The answer is an exact repeat of the entries below, with the pictures omitted.

━━ Data ━━

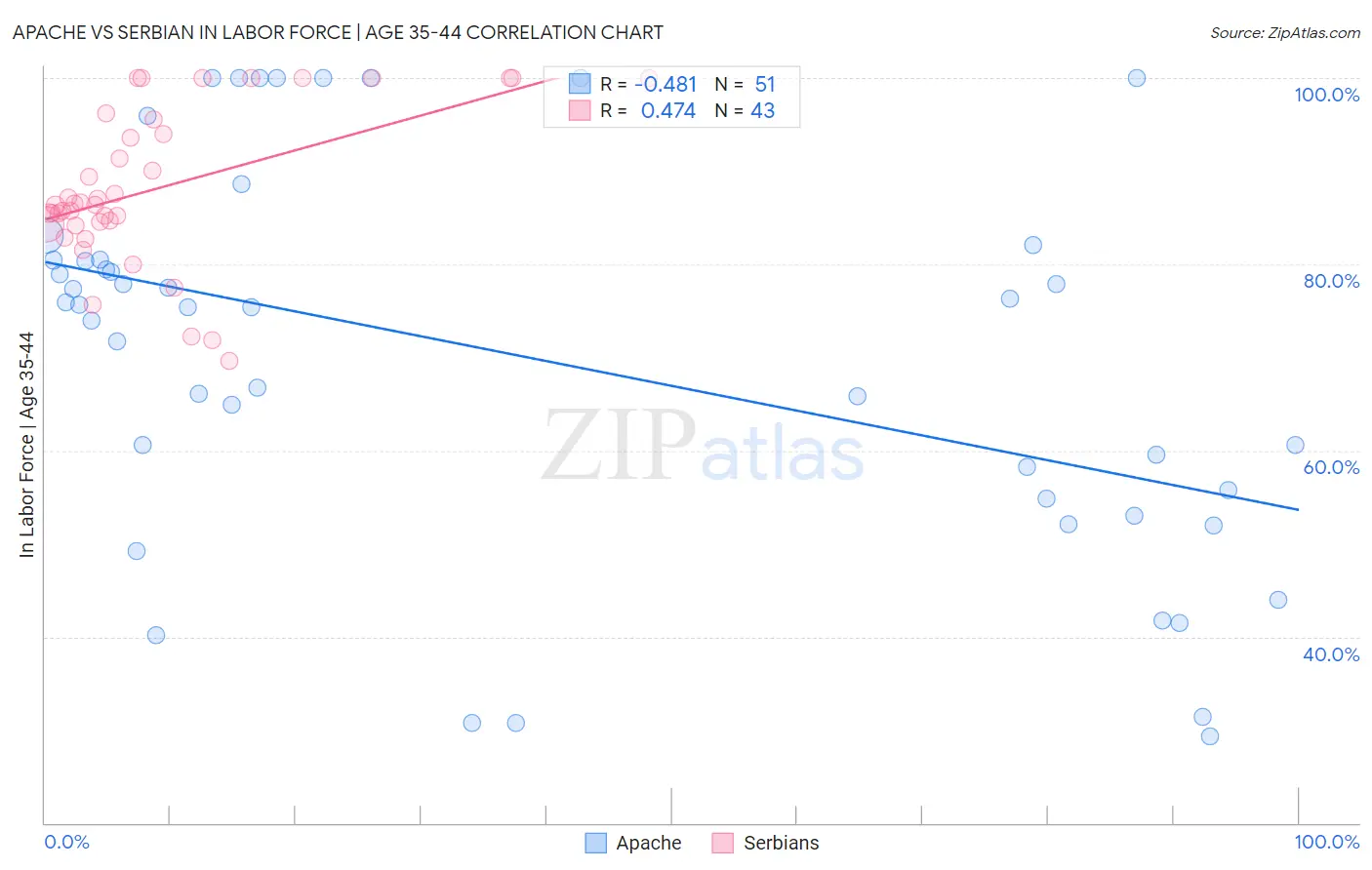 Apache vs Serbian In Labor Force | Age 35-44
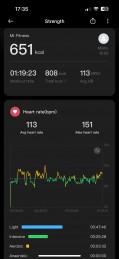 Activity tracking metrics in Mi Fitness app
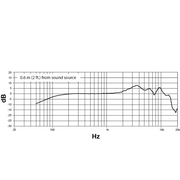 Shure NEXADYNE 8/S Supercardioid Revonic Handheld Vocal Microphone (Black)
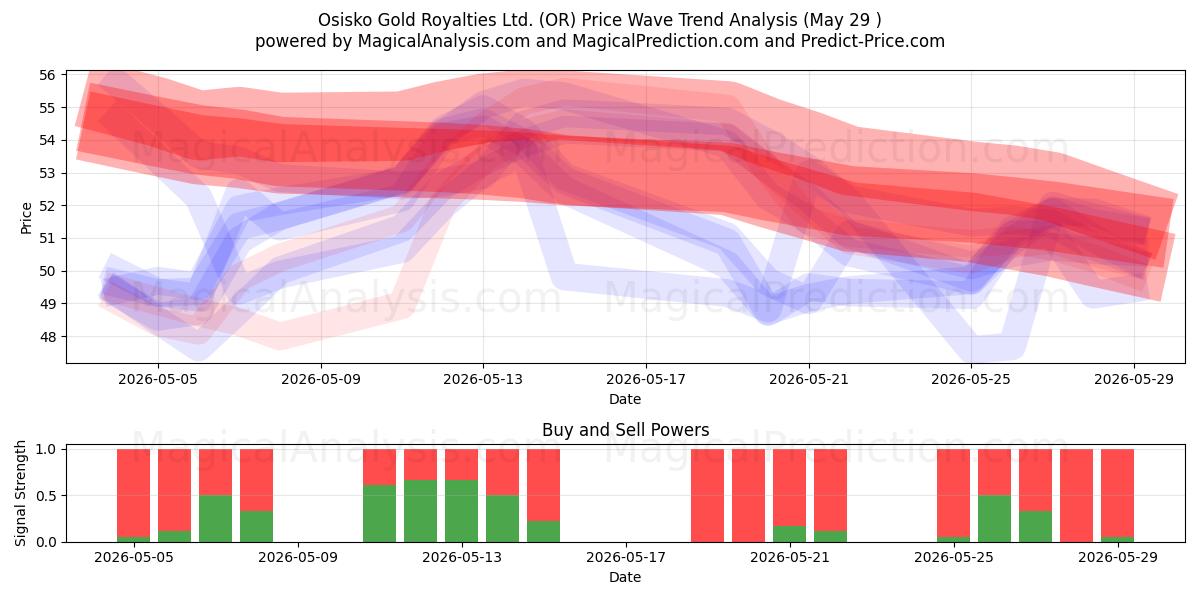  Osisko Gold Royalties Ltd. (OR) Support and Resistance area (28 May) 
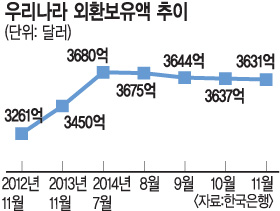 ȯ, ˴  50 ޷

━━━

## Exercise answer
 Apache vs Serbian In Labor Force | Age 35-44
 Activity tracking metrics in Mi Fitness app
 Shure NEXADYNE 8/S Supercardioid Revonic Handheld Vocal Microphone (Black)
  Osisko Gold Royalties Ltd. (OR) Support and Resistance area (28 May) 
 ȯ, ˴  50 ޷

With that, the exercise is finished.